Running Proton Experimental with an Epic game

I’ve recently built a new gaming rig with an R7 1700 and an R9 Fury. The game Control works fine with vkd3d under Wine, but Horizon Zero Dawn shows some really weird vegetation glitches. The suggested fix is to run HZD with Proton Experimental. Problem being that this is an Epic copy of HZD downloaded via the Heroic Game Launcher.

So Heroic does auto-detect Proton Experimental, but HZD just dies when launched with Proton Exp. Not really sure why. Have had a couple of suggestions to try running it thru Lutris + Epic Game Launcher + Proton, but I’m not sure how well that works. Anyone here try it?

The fix was not to run the game with Proton, but rather some arcane environment variables buried in the protondb.com compatibility reports:

AMD_VULKAN_ICD=RADV RADV_DEBUG=llvm VKD3D_CONFIG=no_upload_hvv

This eliminated the weird ghosting/smearing visible on the vegetation textures.

2 Likes

Does Proton works well outside of Seam? In any case Glorious Eggroll has a project that brings all the Proton features plus some extra stuff to non Steam environments.

1 Like

Some of the compatibility reports indicated that Proton Experimental works best with HZD. However, even when I loaded the game with Lutris + Proton Experimental I still had the crazy vegetation ghosting.

Digging even deeper into the reports I found those values, and they did straighten out the ghosting. Only ‘downside’ was that I had to enable ‘gamemode’.

So going through these options I’m not really sure what’s really helping you there…

AMD_VULKAN_ICD=RADV RADV should be used with an R9 Fury by default anyway

RADV_DEBUG=llvm This switches the Shader compiler from ACO to LLVM and I can hardly imagine it’s going to be that, plus ACO has quite a bit better performance.

VKD3D_CONFIG=no_upload_hvv this is probably the key, although I’m not sure why that would make a difference as per the documentation:

  • no_upload_hvv - Blocks any attempt to use host-visible VRAM (large/resizable BAR) for the UPLOAD heap. May free up vital VRAM in certain critical situations, at cost of lower GPU performance.

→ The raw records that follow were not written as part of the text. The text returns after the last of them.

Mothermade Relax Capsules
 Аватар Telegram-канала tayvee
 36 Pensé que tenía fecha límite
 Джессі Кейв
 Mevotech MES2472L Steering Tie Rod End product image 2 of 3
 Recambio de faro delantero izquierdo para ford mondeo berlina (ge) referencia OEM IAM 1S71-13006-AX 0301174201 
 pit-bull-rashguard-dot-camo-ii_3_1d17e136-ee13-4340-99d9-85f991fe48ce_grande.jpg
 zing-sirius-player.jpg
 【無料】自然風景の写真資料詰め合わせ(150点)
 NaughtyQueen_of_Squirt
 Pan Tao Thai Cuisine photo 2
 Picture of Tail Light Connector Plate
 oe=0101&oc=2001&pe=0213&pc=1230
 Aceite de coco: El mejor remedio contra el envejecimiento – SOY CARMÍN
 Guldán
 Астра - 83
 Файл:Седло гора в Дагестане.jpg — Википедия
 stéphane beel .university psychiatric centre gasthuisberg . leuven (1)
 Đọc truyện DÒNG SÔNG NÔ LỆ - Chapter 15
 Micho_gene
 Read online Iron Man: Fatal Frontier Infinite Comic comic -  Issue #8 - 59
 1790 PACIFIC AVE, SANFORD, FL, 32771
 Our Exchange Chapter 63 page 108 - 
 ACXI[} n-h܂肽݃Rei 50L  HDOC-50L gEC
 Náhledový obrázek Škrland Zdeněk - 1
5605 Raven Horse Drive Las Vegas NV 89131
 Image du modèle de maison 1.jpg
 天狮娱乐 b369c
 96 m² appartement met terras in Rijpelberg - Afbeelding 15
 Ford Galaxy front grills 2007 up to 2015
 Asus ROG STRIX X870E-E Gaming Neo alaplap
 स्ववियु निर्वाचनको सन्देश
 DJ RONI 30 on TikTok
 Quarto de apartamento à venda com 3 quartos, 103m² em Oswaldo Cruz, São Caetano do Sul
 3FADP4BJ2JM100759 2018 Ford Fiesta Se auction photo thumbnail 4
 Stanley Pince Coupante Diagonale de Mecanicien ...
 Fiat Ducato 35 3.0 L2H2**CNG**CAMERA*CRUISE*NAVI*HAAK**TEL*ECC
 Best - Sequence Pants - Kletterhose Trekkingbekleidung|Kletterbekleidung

A fraction of VRAM is reserved for resizable BAR allocations either way, so it should not be a real issue even on lower VRAM cards.
2 Likes

I noticed a drastic decrease in performance when using these variables, so thinking the ‘debug’ parameter might be causing excessive logging, I took “RADV_DEBUG=llvm” out of the launch variables. The ghosting came right back. Whatever it does it’s a key component to avoiding the ghosting.

I compensated for the lower performance by enabling Feral’s gamemode. That got me back up to around 55 - 60 fps.

EDIT: If you don’t mind sharing, where’d you find the documentation for those environment variables? I assume they’re amdgpu related.

No it’s got nothing to do with logging. This is purely a switch to LLVM as the shader compiler.
Until a couple years ago everything was using LLVM. ACO was introduced by Valve maybe 2-ish years ago and has been the default for AMD cards since about a year or so. It used to be that ACO had to be enabled with RADV_PERFTEST=aco, then when ACO became the default in the testing branch it could be disabled with RADV_PERFTEST=llvm (re-enabling LLVM instead). And when it got its official release with mesa, it got moved to RADV_DEBUG (why that is I can only speculate, I’m assuming that PERFTEST is reserved for experimental features while DEBUG is meant for testing something different when something doesn’t work properly).

Interesting, I guess ACO is just not fully supported on those older cards then.

The First option is an amdgpu option to choose the ICD loader, you can find them on the arch wiki and others (not sure where the “real” documentation is).

The second is an option to RADV to decide which shader compiler to use. Documentation is on the mesa website:
https://docs.mesa3d.org/envvars.html#radv-driver-environment-variables

The third one is an option for VKD3D (which handles the actual DirectX to Vulkan translation). The documentation is on the GitHub:

2 Likes

Thanks for all the info. Might be instructive to play with the ACO_DEBUG variable and see if toggling any particular ACO feature off fixes the ghosting.

Unfortunately I’m not really sure where the correct place is to report bugs with ACO… if they are to be raised directly with Mesa or with Valve.
The original work for ACO was done here:

But that repo doesn’t seem to be maintained anymore.

Hmm wondering if AMDVLK + LLVM might work better/faster with my old, oddball Fury. AMDVLK was originally derived from an AMD codebase, was it not?

AMDVLK only works with the Pro driver I think?
Whether it’s derived from anything I don’t know but it’s just the Vulkan implementation, which doesn’t seem to be your issue since RADV works fine when using LLVM.

@mihawk90 Finally found a decent explanation of what AMDVLK is and how to use it:

In short it appears that AMDVLK and RADV can be used side by side with amdgpu but there’s usually little reason to because RADV is generally superior.

I may try anyway just in case the official AMD code works better with my old Fury.